Nee, vindt prof. dr. Anne-Marie De Cock, ­diensthoofd Geriatrie in het Ziekenhuisnetwerk Antwerpen (ZNA). Of toch zeker niet als ­vervanging van het fysieke consult.Beeld RV

Professor Geriatrie Anne-Marie De Cock vindt telegeneeskunde een meerwaarde in crisistijd, maar is terughoudend over een verdere uitrol van afstandszorg.

“Heel wat collega’s zijn positief over de telefonische consultaties tijdens de eerste maanden van Covid-19. Dat begrijp ik. Ik was ook blij dat we op die manier tenminste nog contact konden hebben met onze patiënten, het was de enige mogelijkheid vaak.”

“Maar ik denk dat we heel realistisch moeten zijn en onder ogen zien dat er ook een aantal zaken níét goed zijn ingeschat. Willen we op deze manier voortgaan, dan zullen we daar toch betere tentakels voor moeten ontwikkelen.”

“En we moeten er meer tijd voor voorzien: we merken dat die teleconsultaties erg veel energie vragen. Dat is niet iets wat je zomaar tussendoor kan doen. Nu kreeg ik weleens patiënten aan de lijn die thuiszaten terwijl je aan het bed van een andere patiënt stond in het ziekenhuis. Als je dan een diagnose moet stellen of advies geven, is dat gevaarlijk. Er is toch die zorg: was ik met mijn hoofd wel volledig bij die patiënt aan de telefoon? Was ik niet afgeleid?”

“Maar zelfs al reserveer je daarvoor tijdsblokken waarin je ongestoord kan praten: het visuele is zo’n belangrijke factor om fouten te voorkomen. Nu moeten we vertrouwen op de inschatting van de patiënt, en op diens capabiliteit om zijn klachten exact te benoemen op een manier die bij ons een belletje doet rinkelen. Dat is altijd een risico. Bij meetbare parameters, zoals een bloeddruk, kan je eenduidig zeggen: die is hoog. Maar bij buikpijn of duizeligheid ligt het wel wat anders.
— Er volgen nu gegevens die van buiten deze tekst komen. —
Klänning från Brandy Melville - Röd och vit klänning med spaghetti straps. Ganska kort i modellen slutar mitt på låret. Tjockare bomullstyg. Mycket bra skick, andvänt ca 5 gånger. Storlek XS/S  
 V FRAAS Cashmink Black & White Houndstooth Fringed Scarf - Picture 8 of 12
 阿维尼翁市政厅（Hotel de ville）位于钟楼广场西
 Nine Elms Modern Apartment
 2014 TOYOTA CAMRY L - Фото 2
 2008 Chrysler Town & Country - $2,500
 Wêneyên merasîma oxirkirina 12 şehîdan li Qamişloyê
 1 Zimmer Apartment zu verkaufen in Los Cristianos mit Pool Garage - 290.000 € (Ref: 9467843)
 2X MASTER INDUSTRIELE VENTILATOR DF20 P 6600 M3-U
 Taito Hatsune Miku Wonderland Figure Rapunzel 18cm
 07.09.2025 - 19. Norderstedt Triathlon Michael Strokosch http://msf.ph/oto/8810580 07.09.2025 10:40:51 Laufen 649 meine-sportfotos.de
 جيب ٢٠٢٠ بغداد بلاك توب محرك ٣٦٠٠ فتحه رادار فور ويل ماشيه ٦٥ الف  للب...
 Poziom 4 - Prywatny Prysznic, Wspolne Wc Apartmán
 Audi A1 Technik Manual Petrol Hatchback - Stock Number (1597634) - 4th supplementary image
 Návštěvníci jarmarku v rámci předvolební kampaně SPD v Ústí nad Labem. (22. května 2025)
Dat kan duiden op iets zeer onschuldigs, maar iedere klinische klacht kan evengoed levensbedreigend zijn.”

Tussenpersoon

“Zeker in mijn discipline, de geriatrie, zie ik daar moeilijkheden. Oudere patiënten zijn niet altijd in staat om precies te benoemen wat er scheelt. Soms zijn ze in het geheel niet meer in staat om zich uit te drukken aan de telefoon en moet je afgaan op een tussenpersoon.”

“Hetzelfde met kinderen: dan zullen het de ouders zijn die aan de telefoon zeggen dat hun zoon of dochter buikpijn heeft. Terwijl u net zo goed als ik weet: een kind dat zegt dat het buikpijn heeft, kan totaal iets anders mankeren. Dat detecteer je wel op een fysiek consult. Je ziet hoe iemand beweegt, of die onrustig reageert op je vragen of net apathisch. Alleen al aan het feit of iemand bleek, grauw dan wel rood ziet, of het gezicht opgezwollen is, wat zijn houding is: daaruit kan je zoveel afleiden wat onuitgesproken blijft aan de telefoon.”

“Bovendien heb ik nog steeds vragen bij de veiligheid. Is die persoon aan de andere kant van de lijn wel wie hij zegt dat hij is? Van patiënten die je regelmatig opvolgt, herken je als arts misschien wel de stem. Maar wat met sporadische contacten, laat staan nieuwe patiënten? Telefonische consultaties worden nu ook gebruikt om medische informatie mee te delen: ik denk niet dat de privacy daar nu altijd voldoende gegarandeerd kan zijn. Op sommige plaatsen werken ze met een vooraf meegedeelde code, die je moet doorgeven alvorens je de informatie krijgt. Dat lijkt me al veiliger.”

“Een videoconsult zou in dat opzicht al beter zijn dan een telefonisch, maar daar bereik je heel veel mensen dan weer niet mee. De oudere generatie, om te beginnen.”

“Neemt niet weg dat teleconsultatie een goed hulpmiddel kan blijven. Pakweg in de winter, wanneer het ijzelt en een patiënt zijn afspraak anders zou moeten afzeggen omdat hij niet tot bij zijn dokter geraakt, kan een teleconsult dat ondervangen. In dat geval is het zeker beter dan niets.”